Brian Greene über unser Multiversum

Die verborgene Wirklichkeit

Das Universum zu verstehen ist keine leichte Sache. Das beginnt schon mit unserer Galaxie, der Milchstraße. Diese soll geschätzte 100 Milliarden Sterne beinhalten. Eine wahrlich astronomische Zahl. Aber damit nicht genug: Es gibt noch viele, viele andere Galaxien. Und schwarze Löcher. Und schwarze Energie. Und dann die Vorstellung, dass sich das Universum seit dem Urknall rasant ausbreitet. Wie lange kann das gut gehen?

Ergebnis der Berechnungen

Mit dem oft zitierten gesunden Hausverstand kommt man also nicht weit. Und dann legt Brian Greene noch etwas nach: In seinem Buch "Die verborgene Wirklichkeit" schreibt der prominente US-Physiker, worüber sich die Avantgarde der Astroforscher den Kopf zerbricht: Über die Möglichkeit, dass es nicht nur ein Universum, sondern deren mehrere geben soll. Also ein Multiversum. Für Brian Greene ist das - historisch betrachtet - ein logischer Forschungsansatz.

"Wenn wir die Kosmologie eingehend genug studieren - und auch die Quantenmechanik, und die Stringtheorie und selbst die klassische Physik, dann führt uns jede dieser Disziplinen und Theorien an den Punkt, wo sich ein Multiversum aufdrängt", so Brian Greene im Gespräch. "Es ist nicht so, dass wir Wissenschaftler irgendwo in einem dunklen Hinterzimmer sitzen und sagen: 'Wäre es nicht spannend, wenn andere Universen existierten? Und wie könnten wir diese Überlegung am besten in unser Verständnis vom Kosmos hineinstopfen?' Ganz im Gegenteil! Wir stellen unsere ganz normalen Berechnungen an. Und die Möglichkeit eines Multiversums drängt sich als mathematisches Resultat auf. Es ist, als würde einen jemand am Kragen packen und sagen: Schau doch mal! Welcher Schluss ergibt sich aus der Mathematik?"

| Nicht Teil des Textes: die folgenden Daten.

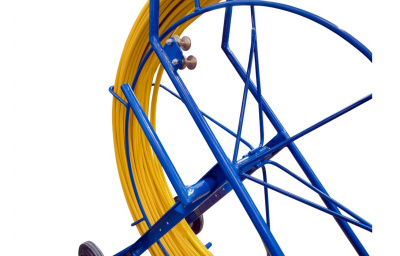 Устройство для заготовки каналов УЗК-К ССД 11/150 (Германия)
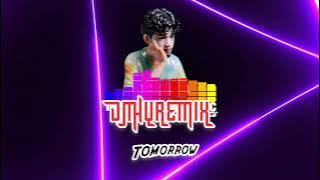 [DJ THY] - By Tomo Rrow - Berak Mix 2024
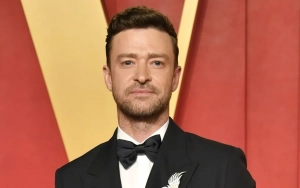 Justin Timberlake Injured, Forced to Call Off Newark Concert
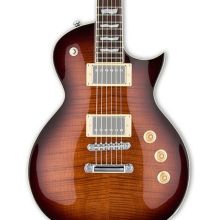 ESP LTD EC-256 Dark Sunburst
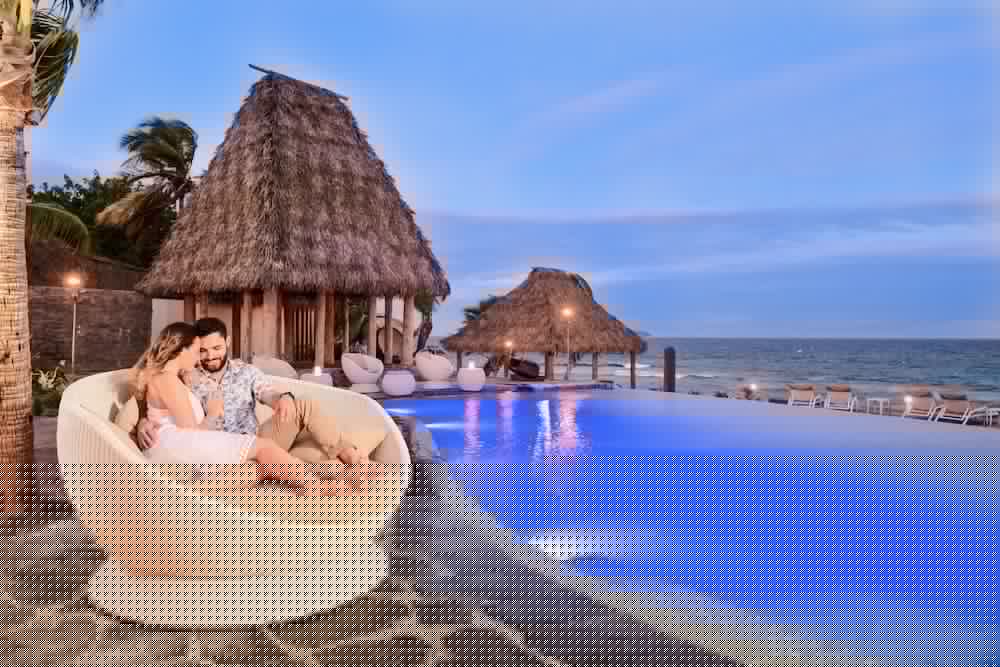 Matamanoa Island Resort 28/55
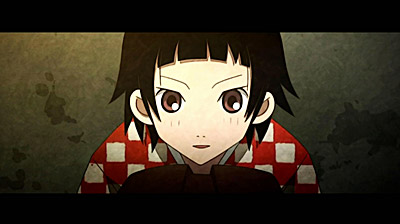 Zan Sayonara Zetsubou Sensei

Der Schluss der Berechnungen: Unser Universum ist möglicherweise nicht einzigartig. Mathematik, so Brian Greene, kann zwar nicht die gesamte Wirklichkeit erklären. Und muss auch nicht in allen Fällen stimmen. Doch die Vergangenheit hat gezeigt: Mathematik ignoriert man besser nicht.

"Die Mathematik hat schwarze Löcher vorhergesagt, ehe wir sie gefunden haben", so Greene. "Einstein hat beispielsweise nicht daran geglaubt. Und schwarze Löcher gibt es wirklich. Die Mathematik hat uns auch gesagt, dass sich das Universum ausdehnt. Und wieder hat Einstein gesagt: Nein, nein. Das kann nicht stimmen. Und dann haben Beobachtungen die Mathematik bestätigt. Das Universum dehnt sich tatsächlich aus."

Die Schuhe der Imelda

Die "Washington Post" nannte den Autor mehrerer Bestseller über Astrophysik einmal den derzeit besten Mann, um abstruse Ideen zu erklären. Brian Greene bemüht sich sehr, Begriffe und Denkgebäude in Alltagsbilder zu übersetzen. Das folgendee Zitat stammt aus einem Abschnitt über unendliche Möglichkeiten im endlichen Raum. Das erklärt der Autor am Beispiel von Imelda, einer modebewussten Dame mit 500 reich bestickten Kleidern und 1000 Paar Designerschuhen.

Was war vor dem Urknall?

Doch auch die beste Verschränkung von theoretischer Physik und Alltagserfahrung kommt irgendwann nicht um Quanten-, String- und sonstige Theorien herum. "Die verborgene Wirklichkeit" fällt also eher in die Kategorie der anspruchsvollen Sachbuchlektüre. Denn Brian Greene schreibt über mathematische Konstrukte. Andere Planeten, die Geburt oder den Tod von Sternen kann man mit Teleskopen beobachten. Doch Paralleluniversen sind unsichtbar.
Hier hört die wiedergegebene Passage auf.